Whatever we may consider the relative importance of the Atlantic and Pacific basins to our future peace and prosperity, the gravity of the problem posed by the shrinking Pacific is evident and our responsibility for its solution inescapable. For the purposes of this discussion “Pacific” will include the satellite Bering, Okhotsk, Japan, Yellow, and China Seas, and the lands within or bordering on them.
Essentially, the problem is civilian, nevertheless the naval officer in his civilian function of taxpayer and father as well as a member of the “fire and rescue party” has a definite interest.
The problem in its entirety is so vast as to defy a comprehensive statement, nevertheless a listing of some of the more important unknown quantities may serve to indicate it.
Japan.—How to render her impotent militarily without planting the seeds of World War III in fertile ground by making her economically impotent as well. What would be the effect of such economic impotence upon us?
China.—How to participate in Chinese economy with profit to us, yet acceptable to her. An awakened China is no longer subject to exploitation.
Russia.—The existence of her only all- season ports in Asia, the possibility that she might arrange a complementary economy with China, thus eliminating us to some extent from the markets of both, and her over- the-pole proximity to us make her definitely to be considered.

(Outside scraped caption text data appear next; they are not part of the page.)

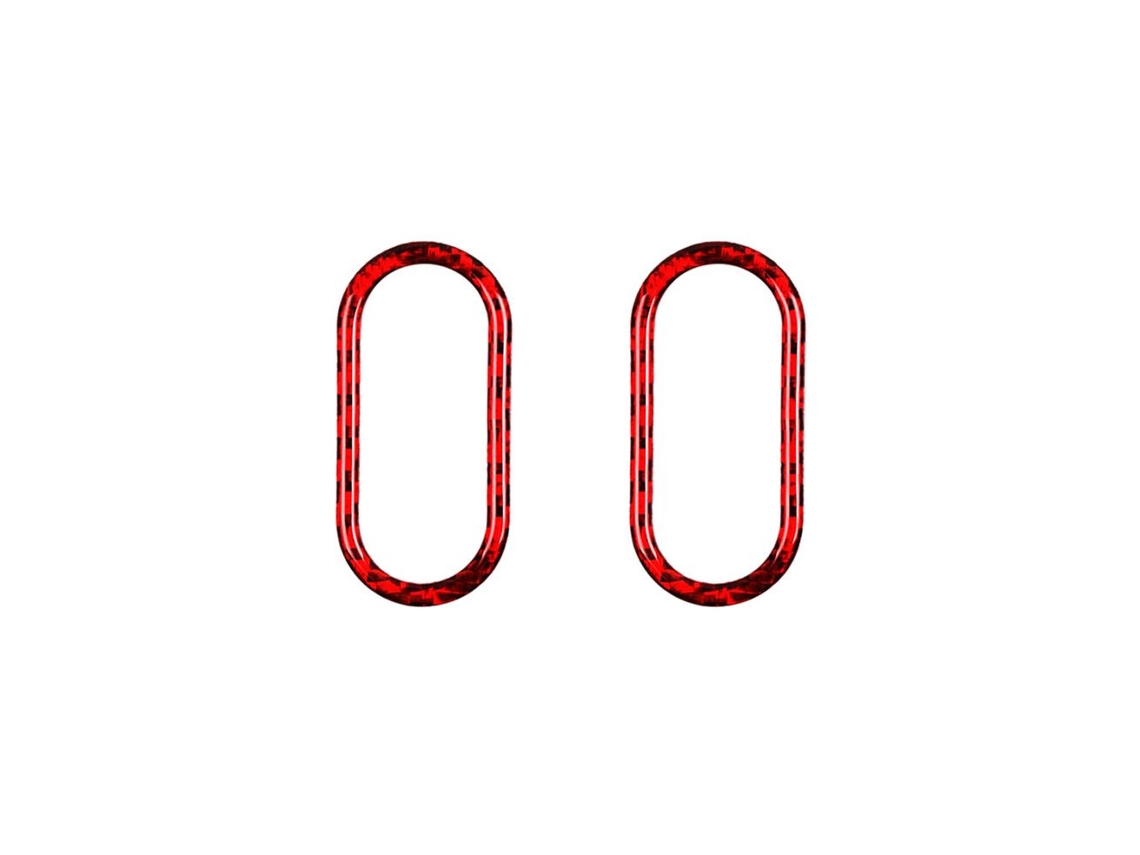 2 Cubiertas De Fibra De Carbono Roja Para Luces De Advertencia Interiores Para Cooper F55 F56 Countryman F60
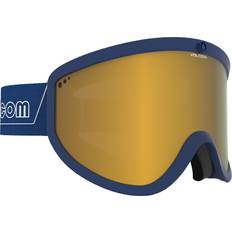 Volcom Ski Equipment Volcom Footprints Dark Blue/White Gold Chrome Goggles Dark Blue/white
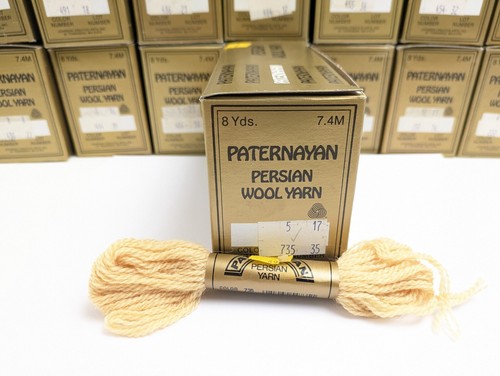 Paternayan Persian Wool Yarn 8 Yards 3-Ply Lot NOS ~ FULL BOXES ~ Many Colors - Picture 8 of 39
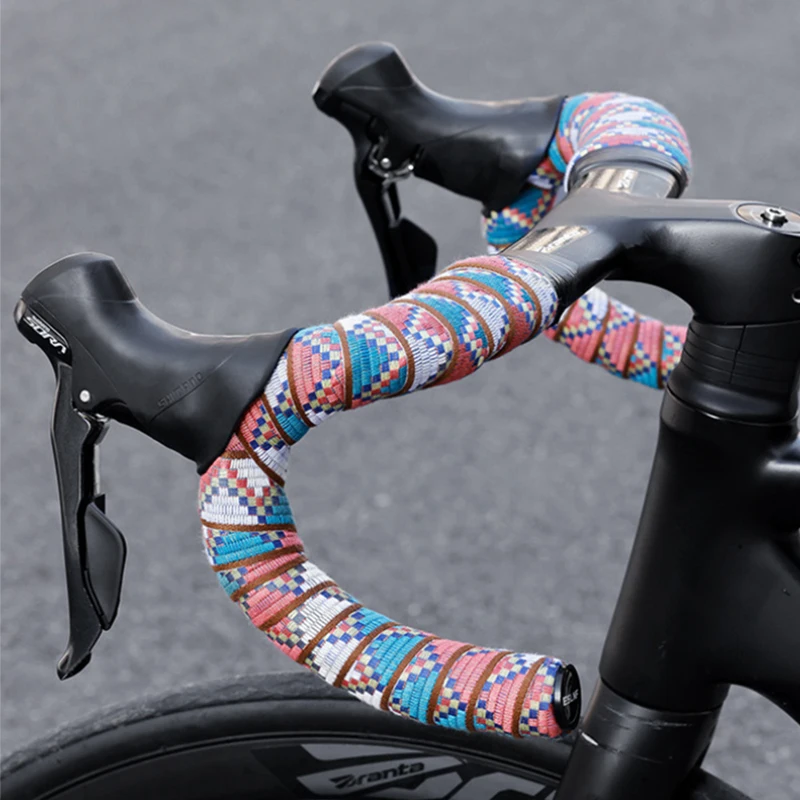 AliExpress Cutton Road Bike Handlebar Tape Soft Non-Slip Gravel Bicycle Handle Wrap Shock Absorbing Cycling Bar Strap Cuff Bike Bartape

Netherlands East Indies.—How to prevent the setting up of another Stevenson Cartel. By agreement or by developing independence through synthetics and substitutes.
Balance of Power.—If we must resort to balance of power, how to avoid creating a Frankenstein monster.

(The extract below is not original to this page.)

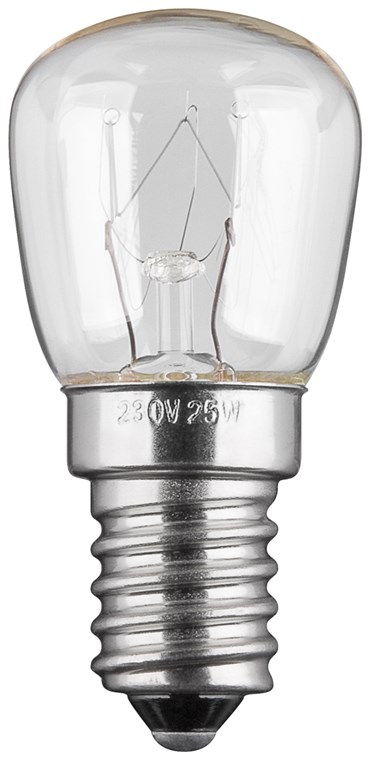 Lampe E14 230V 25W Tube 22X48 Claire pour four 300°
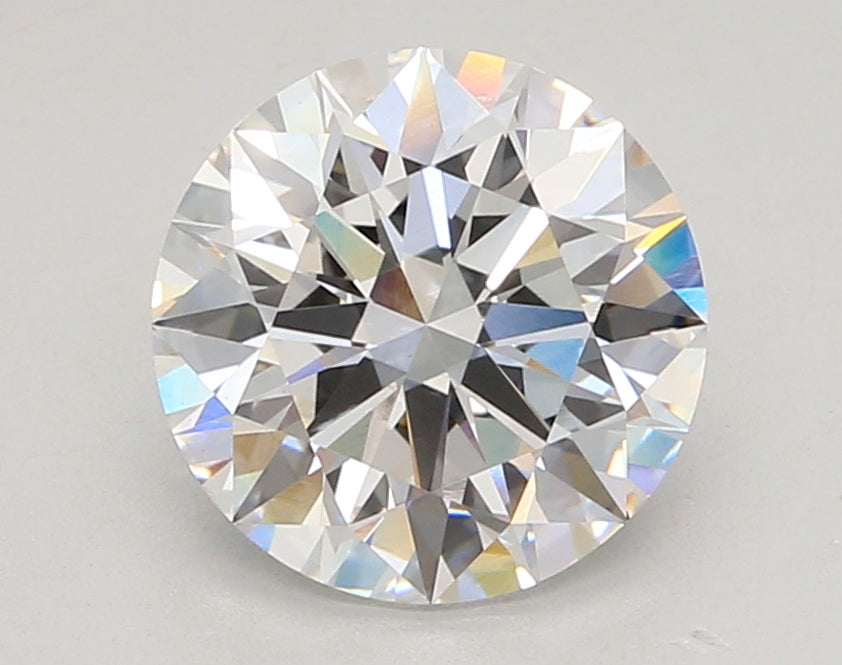 3.04 Carat Round Shaped, Ideal Cut, D Color, VVS2 Clarity, IGI Certified Lab Grown Diamond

Australia, South America, Canada.—How to set up complementary rather than competitive economy.
Transportation.—Should it be controlled or freely competitive? Air bases.
Fisheries.—How control, in open seas, the taking of migratory fish, to avoid extermination.
The solution of the problem requires the evaluation of the “x” of future behavior and development of nations and the “y” of practicable control. But “x” is not a simple quantity but a complex one with its components in geometric relation to each other.
Suppose we divide the Pacific Area into regions, chosen somewhat arbitrarily but generally related, such as:
(1) Continental Asiatic;
(2) Insular Asiatic;
(3) Australasia including Antarctica;
(4) Oceania;
(5) North America including Canada (and North Polar Region), Central America, and Mexico, but excluding the United States;
(6) South America; and
(7) The United States.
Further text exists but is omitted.